Die Reise von Um-Abdallahs Mann und Sohn führte auf langem Weg zu Fuß und per Boot durch Syrien, die Türkei, Griechenland, Serbien, Österreich, Deutschland bis in die Niederlande - wo sie von der Polizei wieder nach Deutschland zurückgeschickt wurden.
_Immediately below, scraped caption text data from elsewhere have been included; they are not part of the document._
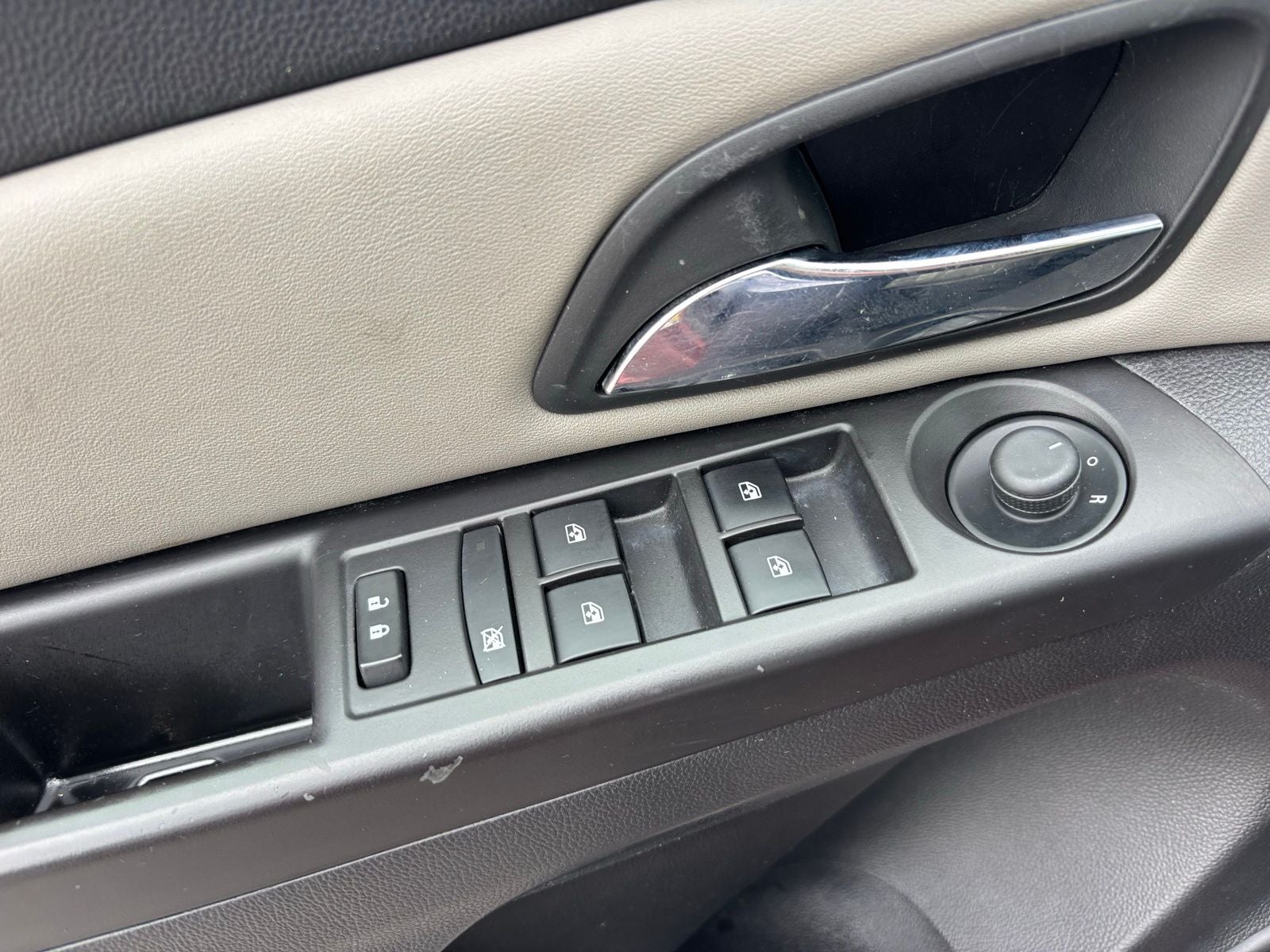 2015 Chevrolet Cruze 1LT 1LT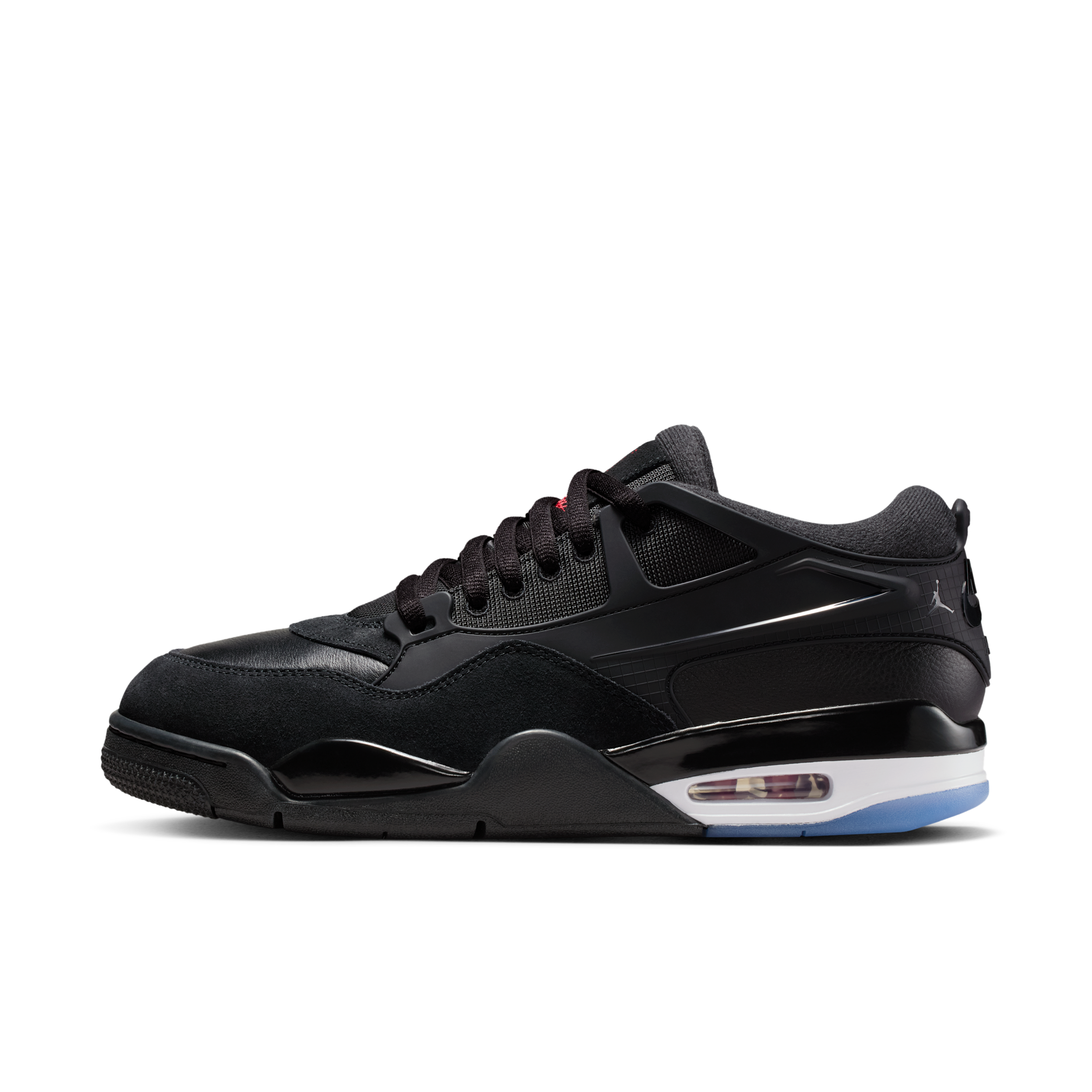 Scarpa Air Jordan 4 RM – Uomo - Nero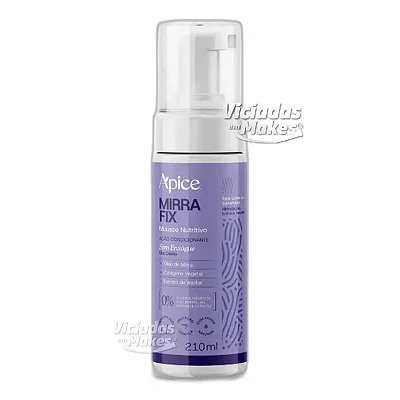 Mousse Mirra Fix Apice 210ml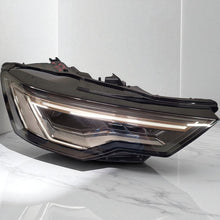 Laden Sie das Bild in den Galerie-Viewer, Frontscheinwerfer Audi A6 C8 4K0941040 Full LED Rechts Scheinwerfer Headlight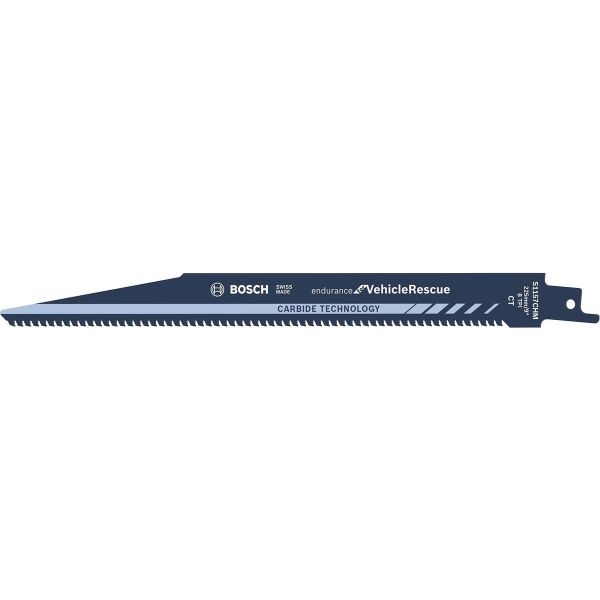 Bosch S 1157 CHM Tigersagblad 225 x 20 x 1,25 mm, 10-pakning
Nach drei Jahren der Trennung wollte Um-Abdallah mit ihrer Tochter ihrem Mann und Sohn nach Deutschland folgen. Es war Frühsommer 2018. Um-Abdallah packte alles ein, was sie mitnehmen konnte: Kleidung, Handtücher, etwas Essen, usw. Aber etwas stimmte nicht. Sie fühlte sich nicht zuversichtlich und war unsicher. Sie fühlte sich, als hätte sie etwas Wichtiges vergessen. Ähnlich wie bei Menschen, die für längere Zeit ihr Haus verlassen wollen und sicherstellen, dass der Strom abgeschaltet oder das Hauptwasserventil geschlossen ist.
Und das war es: Sie konnte nicht für immer gehen, ohne ihr Zuhause ein letztes Mal gesehen zu haben. Sechs Jahre waren vergangen, seit dem Tag, an dem sie ihr Haus verlassen hatten. Sie hatte keine Ahnung, wie es jetzt nach so langer Zeit aussehen würde. Bereits im Mai 2018 hatte sie die Nachricht erhalten, dass die Region al-Yarmūk bombardiert wurde, aber sie wusste nicht sicher, ob ihr Haus zerstört worden war.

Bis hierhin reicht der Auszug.